Write What You Know
"On the eve of the 20th century, Kate Chopin confronted the fundamental dilemma of what it meant to be a woman. In a stream of stories and in her novel, The Awakening, she explored the unsparing truth of women's submerged lives."
"There was great demand for short fiction at that period, and one of the genres that was most popular was the one known as 'local color,' which offered descriptions of the varied parts of the country, exotic parts of the country. It was pretty clear to her early on that it was her southern stories, her Louisiana stories that sold... While the land inspired her imagination, her time there was limited."
Write Passionately
What drove Kate Chopin was her passion for writing, and her willingness to let writing take her into places that she had never been herself, necessarily. And certainly, the literary traditions out of which she came had never really gone.

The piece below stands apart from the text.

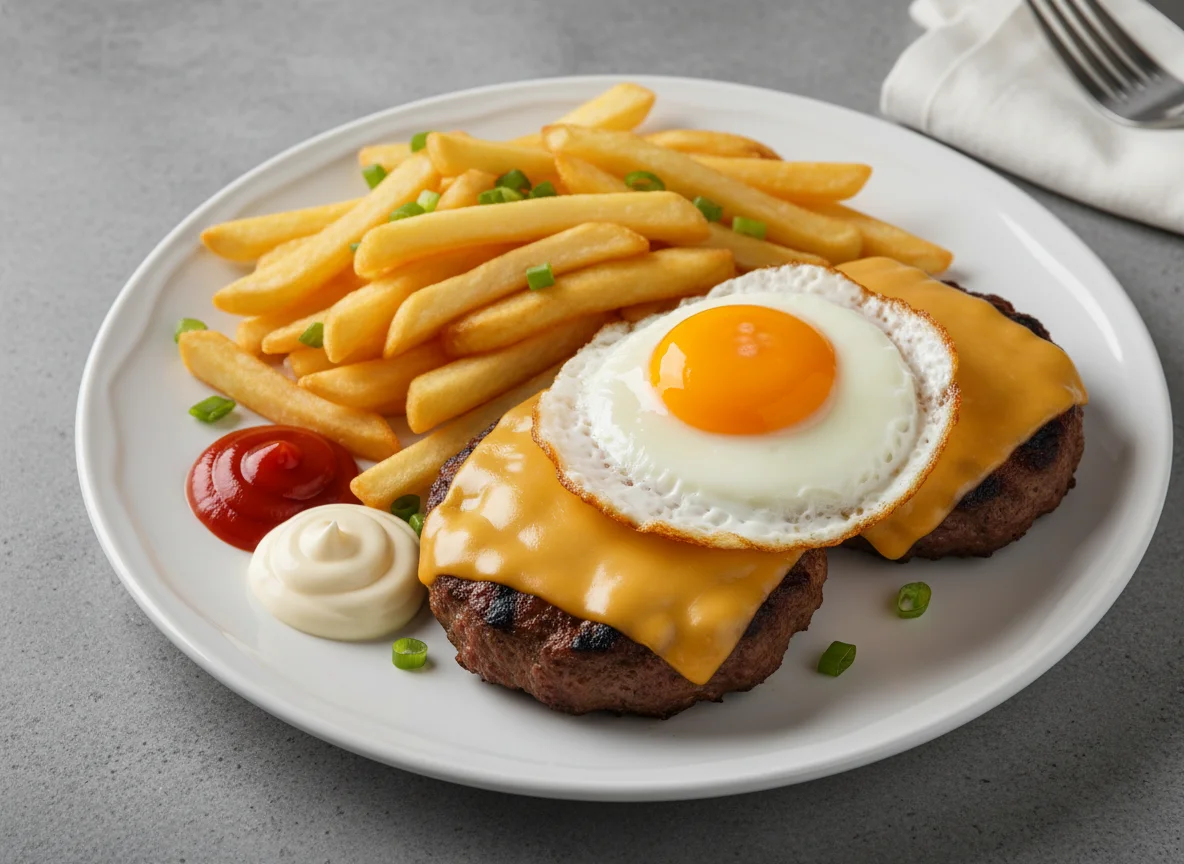 Cheeseburger patties with fried egg and fries photo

She's one of those writers whose sense of craft puts her right on the edge of poetry... The writer she especially admired was the short story and novella writer, Guy de Maupassant, who perfected a kind of writing that she took very seriously.'Here was life, not fiction," she wrote in a private diary aout the novella writer Guy de Maupassant. "Here was a man who escaped from tradition and authority, who had entered into himself and looked out upon life through his own being and with his own eyes; and who, in a direct and simple way, told us what he saw."
Write To Change the World,
(Even If It's Not Intentional)
"With Chopin the dark crannies of the human soul were part of what is to be human. It was part of her war against platitudes. If you look only at the surfaces you're not going to begin to understand what people are about. It's a measure of both her talent and her character, her strength as a woman, that she didn't find the depths of the human soul, even human depravity, threatening."
Its spontaneity, and its physical demands opens up Edna to places in her heart and in her soul she'd lost contact with, maybe had never known were there...I don't think any other writer of the period, certainly no male writer, and I don't think any other woman writer tried to understand what happens when a woman experiences her own sexual being and her own self. And of course, that's exactly the tragedy and the dilemma that Chopin is exploring in her fiction which is, what happens, how do you get past this, this bind for women that if you possess your own self, if you possess your own body, you know that the options the society offers you are marriage and death.By novel's end, Edna has awakened to herself, but finds no place for that self in the world she knows. She swims out to sea till her strength is gone.
"Once you begin to push against those margins, against those limits, you begin to offend people. You begin to offend convention and expectations, and that's exactly what Kate Chopin ran into with The Awakening."
I'd first read her when I was given a copy of The Awakening by a woman who said to me, "You should read this book," and the big question that we asked ourselves was how did Kate Chopin know all that in 1899?
Can you imagine someone asking something similar about you in the year 2099? Why not?